Belgium is famous for its canals and Bruges is nicknamed ‘Little Venice’ – a great way to get oriented is to start with a boat ride around the canals that ring the centre of town. This pleasant jaunt gives access to places you wouldn’t see either on foot or bike. At one time, it was considered the ‘chief commercial city’ of the world and to this day it retains a significant economic importance thanks the Leie River, its port and direct access to the North Sea hence the world.
Many of its medieval buildings are notable, including the Church of Our Lady whose spire reaches 122 m (401 ft), making its tower one of the world’s highest brick structure. The sculpture Madonna and Child which can be seen in the transept, is believed to be Michelangelo’s only sculpture to have left Italy within his lifetime. On my first visit to Bruges, when I first entered the church I walked the right hand aisle and in a marbled alcove, I spotted the striking statue of a Madonna and Child. Strangely, I immediately thought of Michelangelo having previously admired his splendid Pieta inside St. Peters, in Rome. A small plaque confirmed to my delight (I felt really clever) indeed it was created by the sublime Renaissance artist. I looked over my shoulder to make sure I was not observed, tip-toed up to the base and very respectfully passed my hand over the lowest part of the statue to touch what Michelangelo had magically worked centuries ago. The photos are not of the best quality as at that time I did not have a digital camera so this is the result of taking close-ups from print photos. In the interest of being honest the anecdote related was during my first visit decades ago when not even a plain glass partition was deemed necessary, ah the good old days.
The memory is all the more poignant as presently the very same statue is now secured behind a bullet-proof glass and the viewer must stand at least 5 metres (15 f.) distance away. The result I learned stemmed from the wanton attack in 1972 on the Pieta (soon after my own moment of happiness) by a mad man who took a hammer to the beautiful face. I suppose in retrospect I might have been more circumspect and admired the statue from a distance, yet I’d be less than candid if I say to not holding this as a cherished memory.
Oh, I almost forgot and that really would have been a big miss – since the middle-ages Bruges has been famous for fine lacework with a specialized local technique and patterns that are immediately recognized by knowledgeable enthusiasts. Delicate lace curtains festoon windows particularly in the olden parts of the town, a tradition that is very much alive to this day.
On my first trip years ago I had the good sense to purchase a large lace table cloth for my mother; on my last trip I came to realize what a bargain I had in comparison to today’s prices.
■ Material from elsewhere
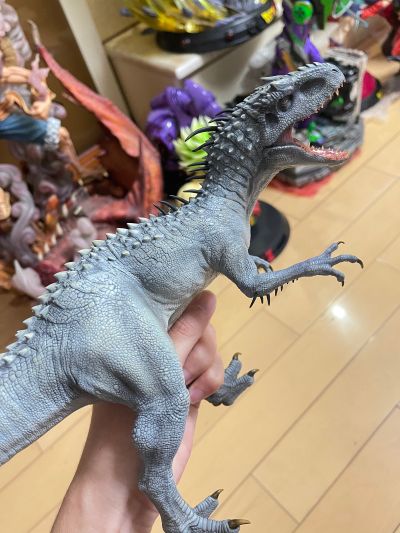 侏罗纪世界 暴虐霸王龙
There you have my sincere compliments paid to Belgium and its people; this small, effervescent country is justifiably proud of a long and brave history. Think of it as a deep basket of interesting sites, culture and art (many recognized by UNESCO), wonderfully preserved medieval towns, mouth-watering chocolates, good food, exceptional beer, friendly folks and a quality sure to please the budget conscious traveler, easy on the pocket book. No doubt I’ll return yet again, to act on a desire to explore and enjoy a whole lot more that I know is awaiting in the Plains of Flanders.
A note to my ‘très gentil’ followers and, so we are clear, I don’t mean to appear self-important but that’s how you my friends are referred to in the parlance of the blogger. At any rate, I’ve been chided by some of my Canadian friends for neglecting this immense and often times grandiose country. Living in British Columbia most certainly provides a plethora of beautiful scenery and spectacular vistas. Therefore in the near future I’ll offer a selection of memorable views taken over the years in and around Vancouver and roaming the ways and byways of this richly varied province. Until then, à bientôt!